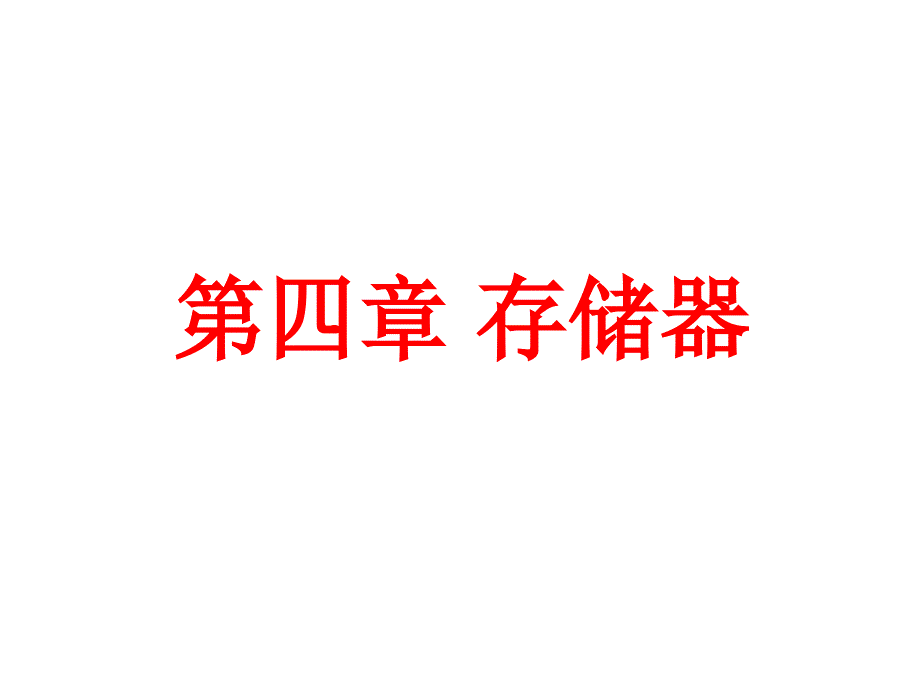 计算机组成原理第四章_第1页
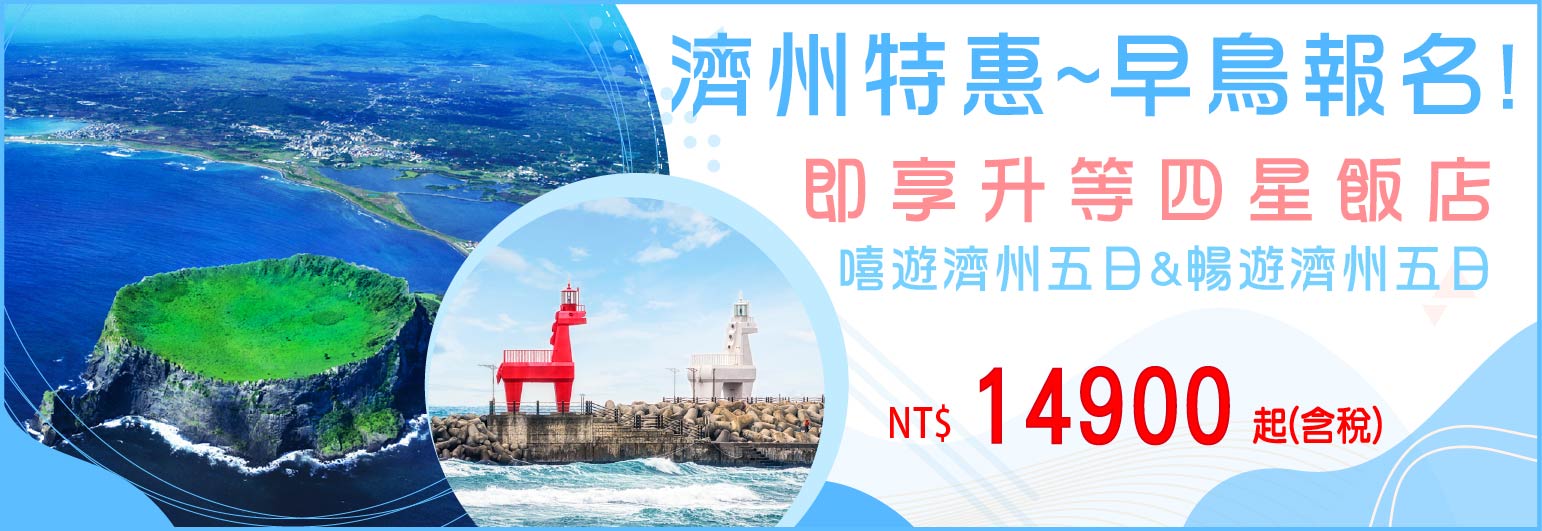 濟州特惠
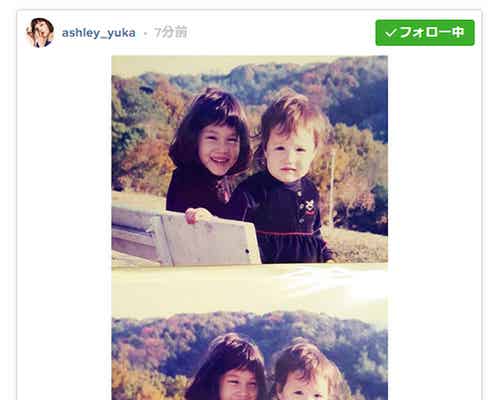 水原希子&佑果、美人姉妹の幼少期公開「昔から美しい」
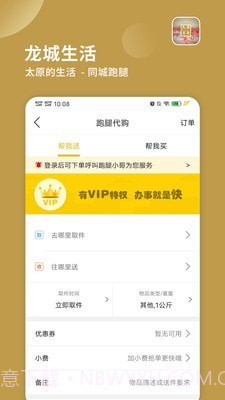 太原生活截图1 太原生活截图1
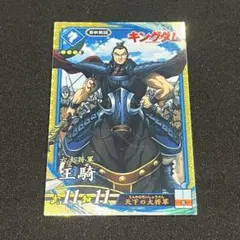王騎 王騎 (PL008 SR 天下の大将軍) | 英傑大戦データベース - ゲーム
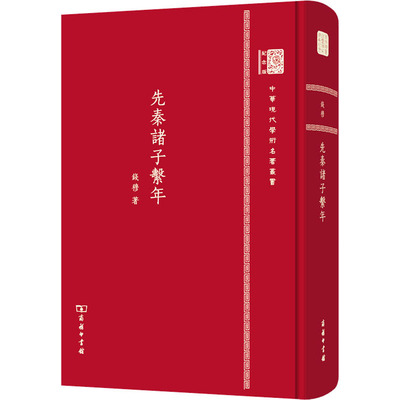 先秦诸子系年 钱穆 著 中国通史社科 新华书店正版图书籍 商务印书馆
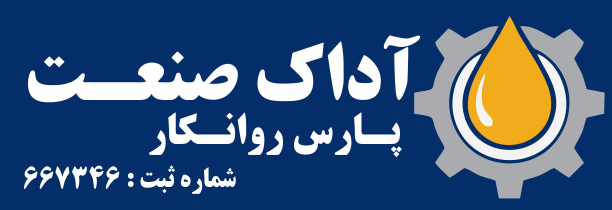 بزرگترین و بهترین مرکز خرید و فروش روغن های صنعتی در ایران
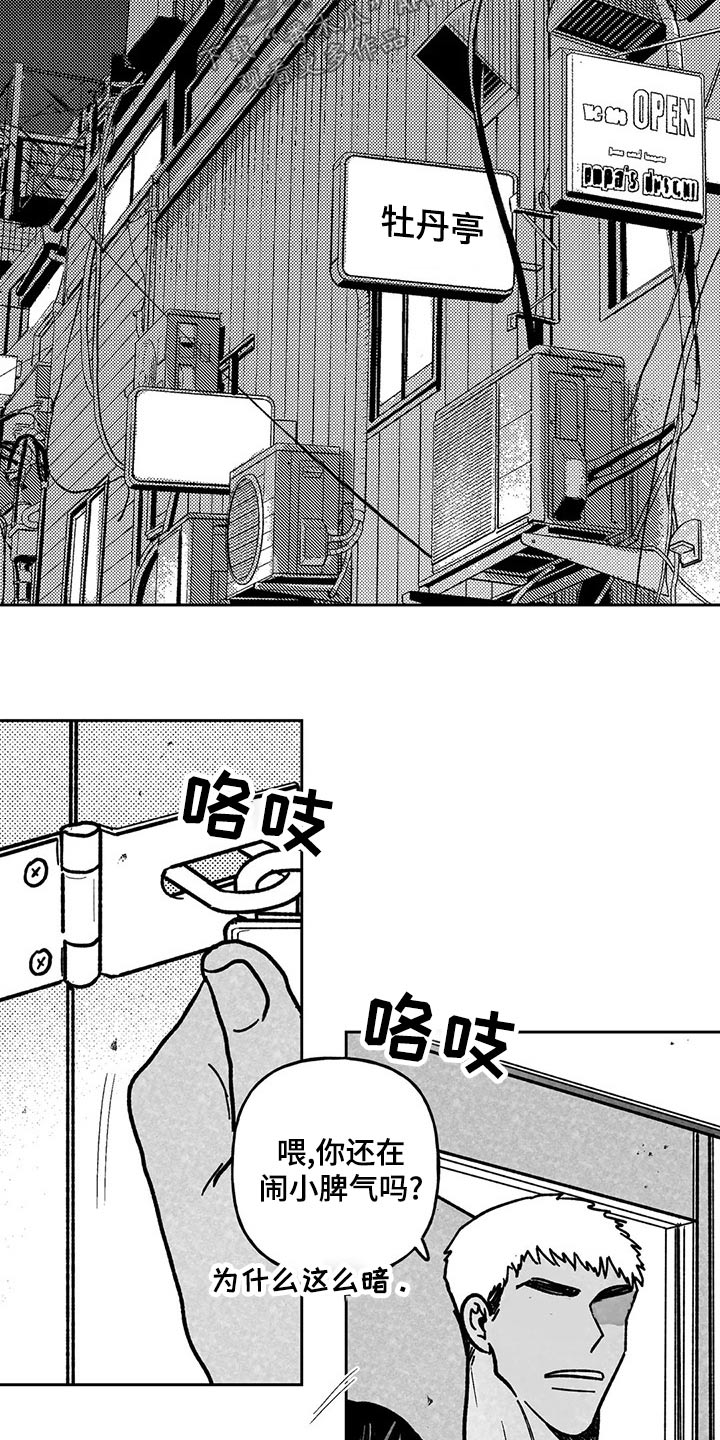 为你倾心漫画,第37章：我会做到1图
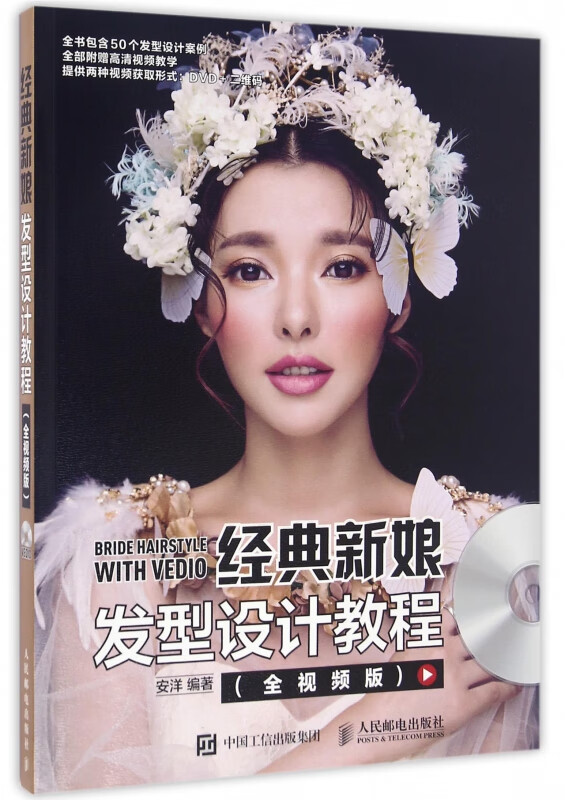 经典新娘发型设计教程(附光盘全视频版)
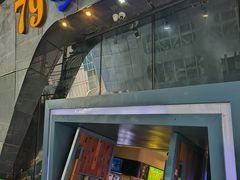 -79号渔船海鲜饭店(华强北店)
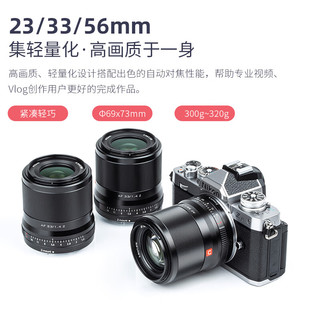 唯卓仕23/33/56mm F1.4尼康口自动对焦镜头APS-C画幅适用于Z卡口Z30 ZFC Z50微单相机大光圈人像定焦镜头 AF 56/1.4 Z（黑色） 标配+唯卓仕Pro系列UV镜（52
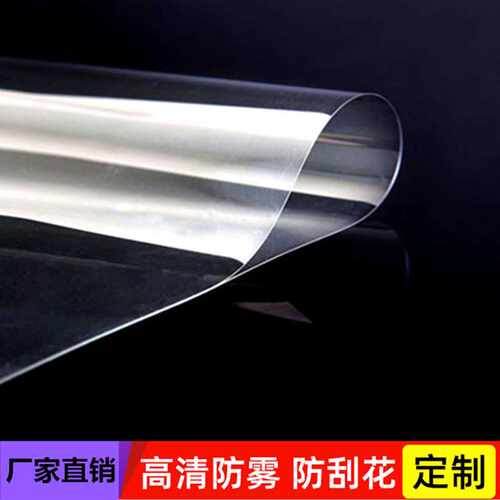 透明pvc塑料片  高透明PET板材 彩色PVC硬片耐高温PET卷材分切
**********
Output all of the data exactly as it stands, minus any images.

 计算机组成原理第四章_第1页
 濟州特惠
 水原希子&佑果、美人姉妹の幼少期公開「昔から美しい」
 太原生活截图1 太原生活截图1
王騎 王騎 (PL008 SR 天下の大将軍) | 英傑大戦データベース - ゲーム
 先秦诸子系年 钱穆 著 中国通史社科 新华书店正版图书籍 商务印书馆
 بزرگترین و بهترین مرکز خرید و فروش روغن های صنعتی در ایران
 为你倾心漫画,第37章：我会做到1图
 经典新娘发型设计教程(附光盘全视频版)
 -79号渔船海鲜饭店(华强北店)
 唯卓仕23/33/56mm F1.4尼康口自动对焦镜头APS-C画幅适用于Z卡口Z30 ZFC Z50微单相机大光圈人像定焦镜头 AF 56/1.4 Z（黑色） 标配+唯卓仕Pro系列UV镜（52
 透明pvc塑料片  高透明PET板材 彩色PVC硬片耐高温PET卷材分切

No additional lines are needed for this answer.